I use and recommend multicut from www.jotopaper.com it has a sticky backing and it is 20" wide which will really come in handy on those numbers you're going to do if you do them 9" wide.


----------



## cookiesa (Feb 27, 2008)

I do a lot of letters and have used both the sticky back type and none.. I would say if you are doing lots of small intracite stuff I prefer to use the sticky! but for large letters where you can "hold" the letters under your finger the other is quick and easy to weed


----------



## R1Lover (Jun 7, 2008)

I have found that it's easier to weed the heat press vinyl for detailed items, but takes longer because of the stickyness of the backing paper, also the vinyl is very stretchy so it's not like weeding sign vinyl at all. Sticking your hands to the backing paper is a pain too, but I prefer this type of vinyl though.


----------



## ambitious (Oct 29, 2007)

For me i use oracle 651 for signs,decals,etc..and HPU garment vinyl from heatpressvinyl also thermoflex plus, and i find garment vinyl easier to weed out.


----------



## Robin (Aug 28, 2006)

> Looking at videos on youtube, it looks harder to weed the heat transfer vinyl for shirts. Is that the case?

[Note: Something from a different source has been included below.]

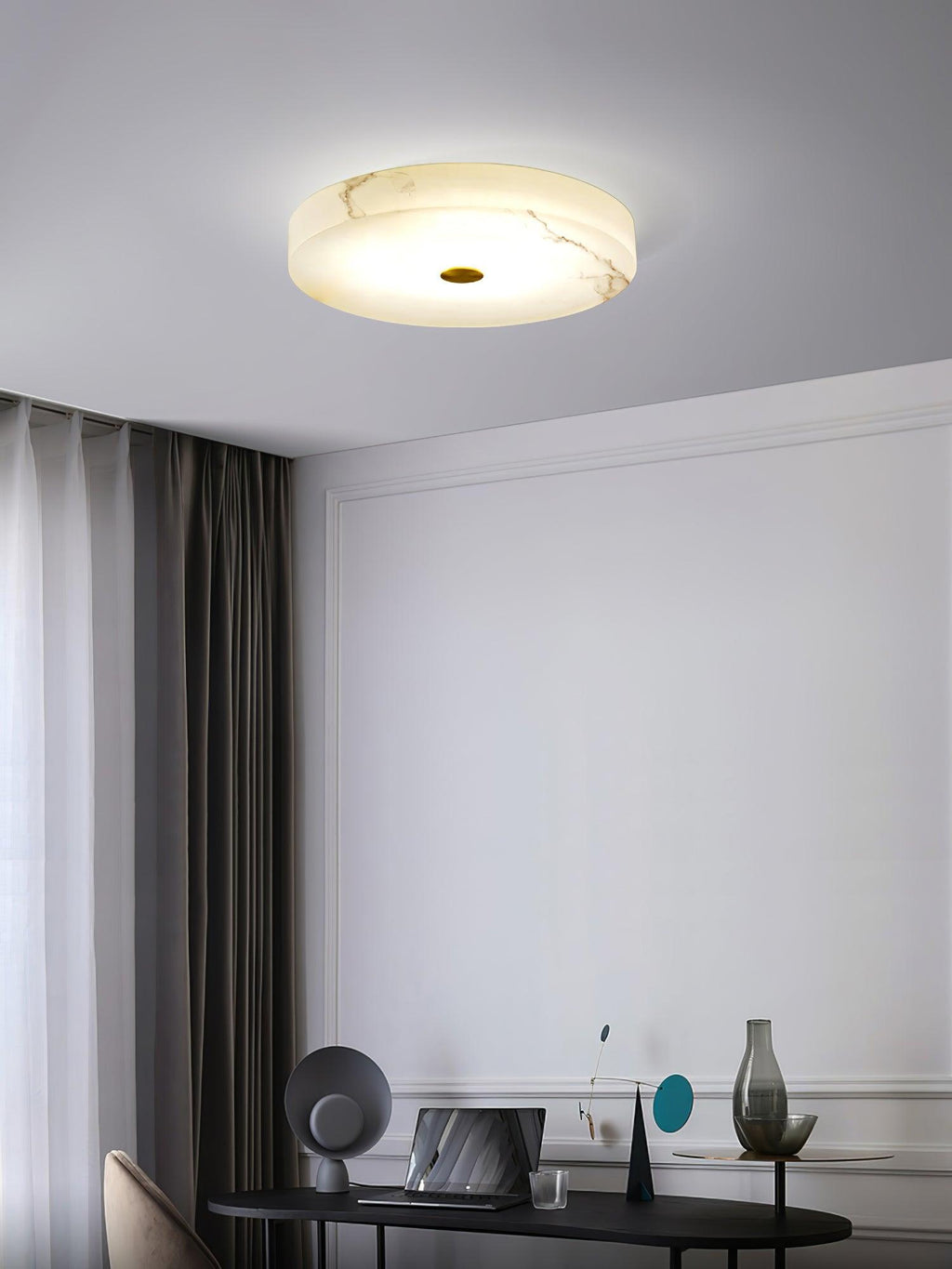 Olaean flush mount glowing above a work corner with a laptop, vase and dark curtains.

I think its a personal thing. I find it easier than sign vinyl. My husband finds it absolutely easy to weed, he'll actually offer to help weed this stuff. Its just tedious when you have lots of lettering, and fiddling things to weed out.


----------



## treadhead (Jul 26, 2006)

I find it easier to weed heat press vinyl over sign vinyl. With sign vinyl, if the vinyl gets stuck to itself...it's all over. Don't have that problem with heatpress vinyl.


----------



## COEDS (Oct 4, 2006)

i agrre with John heat press vinyl is much easier.i have had real issues with sign vinyl. I would love to know the secret to not get the vinyl stuck to itself. .... JB


----------



## R1Lover (Jun 7, 2008)

COEDS said:


> i agrre with John heat press vinyl is much easier.i have had real issues with sign vinyl. I would love to know the secret to not get the vinyl stuck to itself. .... JB


Insert weeding lines into your cut, then you can pull apart once section at a time. normally a fast quick pull on most things works great if you have the proper conditions. Temperature, blade type, sharpness, pressure, speed of cutting.... and on and on all effect how easy or tough it is to weed sign vinyl. I have fought through some tough jobs and have had some that were too easy as well. 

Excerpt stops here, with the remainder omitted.